● **TASK STATEMENT**
Make an exact copy of every record that follows.

Extracted records:
- - - -

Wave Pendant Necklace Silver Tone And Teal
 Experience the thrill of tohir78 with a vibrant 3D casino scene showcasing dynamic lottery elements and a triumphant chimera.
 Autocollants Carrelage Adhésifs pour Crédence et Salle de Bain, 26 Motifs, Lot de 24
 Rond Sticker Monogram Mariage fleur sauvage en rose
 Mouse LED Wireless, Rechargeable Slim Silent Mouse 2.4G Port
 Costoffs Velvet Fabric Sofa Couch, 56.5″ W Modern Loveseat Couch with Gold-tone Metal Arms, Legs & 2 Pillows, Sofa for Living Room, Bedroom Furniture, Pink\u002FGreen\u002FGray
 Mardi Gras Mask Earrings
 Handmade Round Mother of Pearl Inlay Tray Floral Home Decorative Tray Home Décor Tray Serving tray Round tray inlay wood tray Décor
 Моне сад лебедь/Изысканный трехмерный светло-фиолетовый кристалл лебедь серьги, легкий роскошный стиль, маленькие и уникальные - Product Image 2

- - - -

● **FINISHED TASK**
Wave Pendant Necklace Silver Tone And Teal
 Experience the thrill of tohir78 with a vibrant 3D casino scene showcasing dynamic lottery elements and a triumphant chimera.
 Autocollants Carrelage Adhésifs pour Crédence et Salle de Bain, 26 Motifs, Lot de 24
 Rond Sticker Monogram Mariage fleur sauvage en rose
 Mouse LED Wireless, Rechargeable Slim Silent Mouse 2.4G Port
 Costoffs Velvet Fabric Sofa Couch, 56.5″ W Modern Loveseat Couch with Gold-tone Metal Arms, Legs & 2 Pillows, Sofa for Living Room, Bedroom Furniture, Pink\u002FGreen\u002FGray
 Mardi Gras Mask Earrings
 Handmade Round Mother of Pearl Inlay Tray Floral Home Decorative Tray Home Décor Tray Serving tray Round tray inlay wood tray Décor
 Моне сад лебедь/Изысканный трехмерный светло-фиолетовый кристалл лебедь серьги, легкий роскошный стиль, маленькие и уникальные - Product Image 2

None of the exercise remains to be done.